Anxiety is a part of people’s feelings, especially in children. Little kids are easily feeling anxious about things in their life including the accident happens at night, bedwetting.
No matter how hard you try to explain to your child that bedwetting is something normal and will go away as he grows up, still most of the time he takes it as a big deal because for him and other children, nocturnal enuresis is just for a baby; and they know they are no longer so.
With this point of view, unfortunately, your child also starts to imagine the reactions from people in his surroundings, whether they can take the matter lightly just like his parents or the other way round. I think the high level of anxiety like this worsen the psychological effects of bedwetting on your child, thus you have to make a move.
Children often worry most about other people’s reactions rather than about actual bedwetting. Put another way, if there was no one else around, bedwetting would be far less stressful for a child as there would be no one else to know about the problem. Many children imagine what others would say, and the imagination is always worse than the reality.
Or, your child may have had one or two experiences of being teased for the problem and now is fearful that others will react in a like way.
When your child thinks, “What will others think?”
Either way, worrying what others will think makes a much bigger problem out of bedwetting. Such anxiety also puts lots of stress on a child, often unnecessarily. You can help your child overcome this problem by discussing with your child possible reactions people might have to the bedwetting and discussing what could be said in response.
If someone accuses him or her of being a baby, for example, you child can point out that lots of older kids wet the bed or tell the teaser that bedwetting is not about being a baby, but rather a condition. Be sure to discuss possible nice or sensitive things people could say, too, so that your child is not just imagining the worst.

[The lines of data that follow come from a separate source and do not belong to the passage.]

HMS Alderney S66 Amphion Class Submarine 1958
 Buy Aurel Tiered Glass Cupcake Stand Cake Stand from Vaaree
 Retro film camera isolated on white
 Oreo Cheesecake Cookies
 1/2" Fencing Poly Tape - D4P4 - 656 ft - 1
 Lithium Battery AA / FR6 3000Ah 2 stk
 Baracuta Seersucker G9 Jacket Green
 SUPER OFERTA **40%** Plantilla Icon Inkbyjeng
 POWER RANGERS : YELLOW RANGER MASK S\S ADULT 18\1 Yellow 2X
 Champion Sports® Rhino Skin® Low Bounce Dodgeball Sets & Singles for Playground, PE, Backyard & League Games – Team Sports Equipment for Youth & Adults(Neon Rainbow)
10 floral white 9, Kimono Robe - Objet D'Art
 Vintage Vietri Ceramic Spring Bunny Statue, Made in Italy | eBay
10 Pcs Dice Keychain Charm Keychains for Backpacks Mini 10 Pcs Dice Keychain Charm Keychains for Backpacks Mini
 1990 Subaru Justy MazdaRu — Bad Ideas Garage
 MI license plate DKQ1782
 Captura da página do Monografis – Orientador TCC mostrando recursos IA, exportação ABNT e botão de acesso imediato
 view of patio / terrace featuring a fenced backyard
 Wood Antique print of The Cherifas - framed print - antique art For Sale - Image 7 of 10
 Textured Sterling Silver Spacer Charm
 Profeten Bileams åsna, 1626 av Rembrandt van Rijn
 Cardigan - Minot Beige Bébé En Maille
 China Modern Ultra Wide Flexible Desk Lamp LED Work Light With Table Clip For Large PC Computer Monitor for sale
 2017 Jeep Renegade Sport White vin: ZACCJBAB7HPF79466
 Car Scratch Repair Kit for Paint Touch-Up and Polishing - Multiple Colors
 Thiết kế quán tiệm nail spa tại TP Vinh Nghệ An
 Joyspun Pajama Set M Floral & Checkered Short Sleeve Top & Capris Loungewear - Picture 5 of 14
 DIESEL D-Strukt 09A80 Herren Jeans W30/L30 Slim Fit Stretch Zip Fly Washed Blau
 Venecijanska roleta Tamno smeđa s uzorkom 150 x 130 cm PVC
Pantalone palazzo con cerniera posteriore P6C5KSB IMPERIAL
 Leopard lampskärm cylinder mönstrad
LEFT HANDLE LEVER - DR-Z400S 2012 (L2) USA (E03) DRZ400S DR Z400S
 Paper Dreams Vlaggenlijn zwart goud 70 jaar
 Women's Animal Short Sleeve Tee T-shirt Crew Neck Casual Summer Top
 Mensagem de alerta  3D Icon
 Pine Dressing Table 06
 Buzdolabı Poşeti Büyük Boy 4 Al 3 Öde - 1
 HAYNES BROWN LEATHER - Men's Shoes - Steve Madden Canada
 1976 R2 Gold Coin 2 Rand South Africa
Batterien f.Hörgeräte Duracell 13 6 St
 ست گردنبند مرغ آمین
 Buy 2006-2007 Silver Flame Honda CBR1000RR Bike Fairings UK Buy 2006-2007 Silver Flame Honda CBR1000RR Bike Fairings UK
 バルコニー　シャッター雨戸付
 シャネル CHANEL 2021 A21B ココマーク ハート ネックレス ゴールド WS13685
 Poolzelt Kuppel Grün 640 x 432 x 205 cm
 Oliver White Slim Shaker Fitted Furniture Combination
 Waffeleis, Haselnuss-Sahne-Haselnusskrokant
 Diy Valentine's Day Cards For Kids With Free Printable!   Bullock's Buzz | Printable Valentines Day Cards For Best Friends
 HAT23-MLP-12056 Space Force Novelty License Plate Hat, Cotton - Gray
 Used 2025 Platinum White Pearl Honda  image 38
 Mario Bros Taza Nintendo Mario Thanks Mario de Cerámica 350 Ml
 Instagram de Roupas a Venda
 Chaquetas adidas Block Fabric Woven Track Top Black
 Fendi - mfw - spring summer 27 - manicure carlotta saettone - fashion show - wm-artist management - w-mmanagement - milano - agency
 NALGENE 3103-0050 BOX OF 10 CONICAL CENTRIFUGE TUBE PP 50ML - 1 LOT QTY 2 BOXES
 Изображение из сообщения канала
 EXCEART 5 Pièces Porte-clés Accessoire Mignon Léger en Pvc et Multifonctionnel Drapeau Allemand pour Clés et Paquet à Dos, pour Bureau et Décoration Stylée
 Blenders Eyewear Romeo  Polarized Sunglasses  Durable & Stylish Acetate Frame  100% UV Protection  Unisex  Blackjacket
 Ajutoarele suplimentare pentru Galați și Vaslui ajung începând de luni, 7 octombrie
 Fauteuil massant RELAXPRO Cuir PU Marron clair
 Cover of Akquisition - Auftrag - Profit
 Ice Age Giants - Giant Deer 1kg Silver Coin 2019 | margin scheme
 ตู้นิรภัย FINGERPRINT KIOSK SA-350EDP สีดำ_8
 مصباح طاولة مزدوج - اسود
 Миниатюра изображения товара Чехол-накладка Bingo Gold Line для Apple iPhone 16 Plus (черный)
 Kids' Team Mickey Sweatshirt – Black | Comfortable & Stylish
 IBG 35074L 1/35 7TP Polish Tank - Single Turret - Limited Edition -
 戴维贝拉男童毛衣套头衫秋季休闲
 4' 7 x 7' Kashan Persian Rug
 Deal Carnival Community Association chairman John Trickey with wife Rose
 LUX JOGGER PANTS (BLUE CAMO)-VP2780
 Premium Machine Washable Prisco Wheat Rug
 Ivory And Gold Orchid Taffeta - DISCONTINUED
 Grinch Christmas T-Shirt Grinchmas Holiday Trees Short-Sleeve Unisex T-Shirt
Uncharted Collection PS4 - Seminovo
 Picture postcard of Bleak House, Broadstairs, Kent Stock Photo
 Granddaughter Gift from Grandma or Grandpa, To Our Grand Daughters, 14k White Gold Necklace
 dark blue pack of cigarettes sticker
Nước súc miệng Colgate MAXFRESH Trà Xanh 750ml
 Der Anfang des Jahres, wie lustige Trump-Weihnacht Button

If your child is hesitant about other people’s reaction because he or she has already had a negative experience, you will have to work a bit harder. Talk to your child about the incident, and consider why someone would have a bad reaction:
- Could they have been ignorant about bedwetting?
- Could they have been having a bad day and just taken it out in that way?
- Could they just be mean-spirited, saying something unpleasant about anyone, whether they wet the bed or not?
With your child, discuss what the child would do or say in the same situation. Then, talk about any positive experiences the child has had with people learning about his or her bedwetting and discuss possibly kind things that people could say once they find out.
This sort of role-playing is very effective in having your child feel in control of situations where people learn about the bedwetting. Often, the most frightening thing about someone’s reaction to us is that we cannot control the reaction. Imagining what to say gives your child some of that control.
Also, imagining or remembering positive reactions will take your child out of the mind frame that all reactions will be bad.
This should help convince your child that the myth is not true.
Overcoming Bedwetting Anxiety
You know although your child thinks he can handle everything like an adult, still he needs his parent in order to feel secure and less anxious about things that bother him. This means you always have the key to his life and chances to help him coping with anxiety over what others may think about his bedwetting.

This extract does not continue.